Short descriptive text snippets
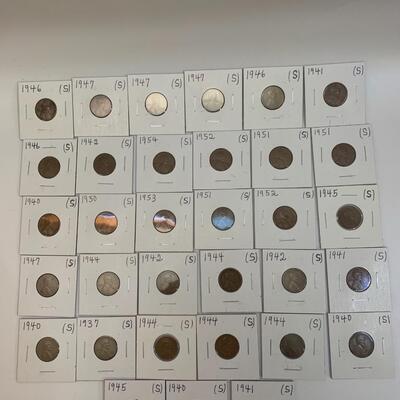 Lot of 33 Wheat Pennies - 1930s 1940s 1950s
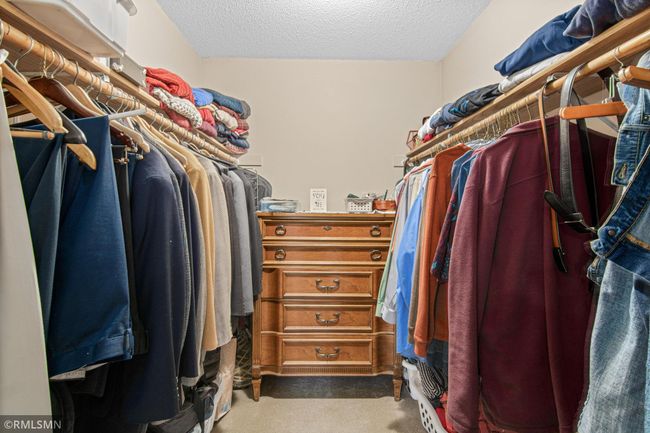 Master Walk=in Closet #2 | Image 27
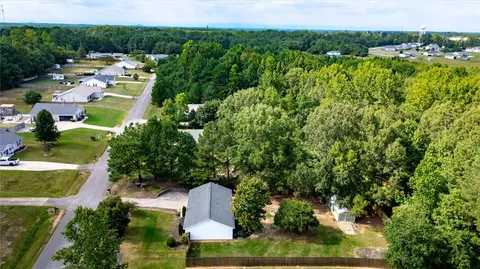117 Bragg Dr, Williamston, SC 29697 photo 35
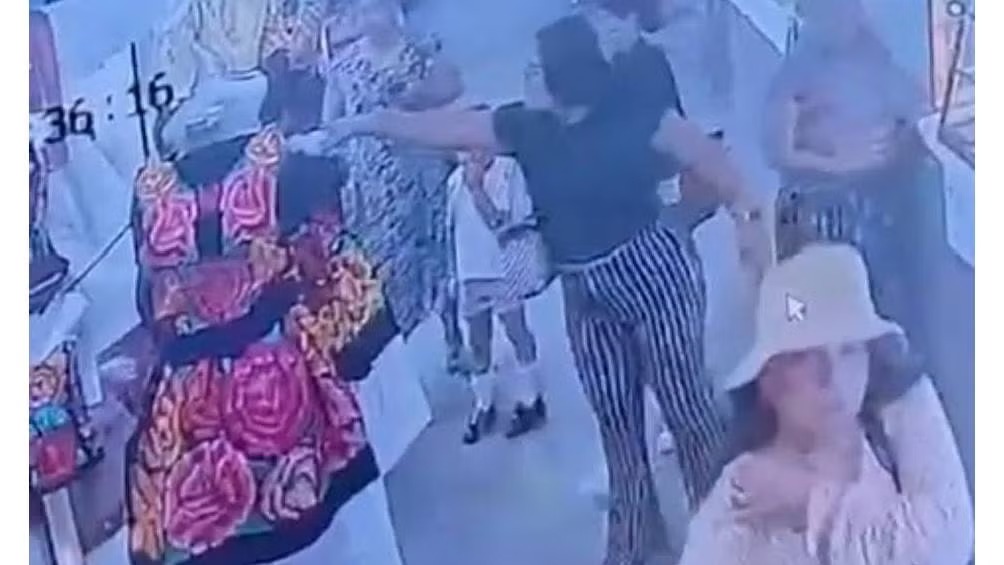 Mujeres arrojan cloro a trajes típicos en mercado de Juchitán por supuesta disputa financiera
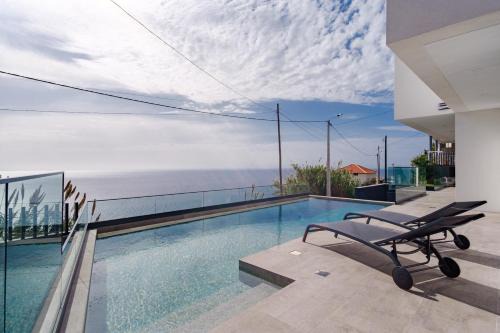 Campanario Apartment | GuestReady - Madeiran oasis with ocean view
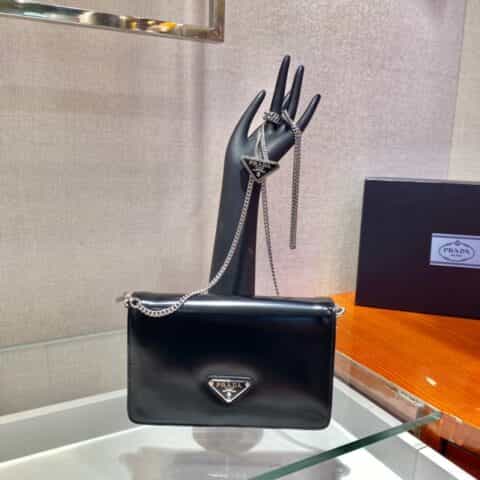 PRADA亮面皮革单肩包 1BD307黑色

• [What this task involves]: Quote every record above exactly, omitting any pictures they contain.

• [Finished task]:
 Lot of 33 Wheat Pennies - 1930s 1940s 1950s
 Master Walk=in Closet #2 | Image 27
117 Bragg Dr, Williamston, SC 29697 photo 35
 Mujeres arrojan cloro a trajes típicos en mercado de Juchitán por supuesta disputa financiera
 Campanario Apartment | GuestReady - Madeiran oasis with ocean view
 PRADA亮面皮革单肩包 1BD307黑色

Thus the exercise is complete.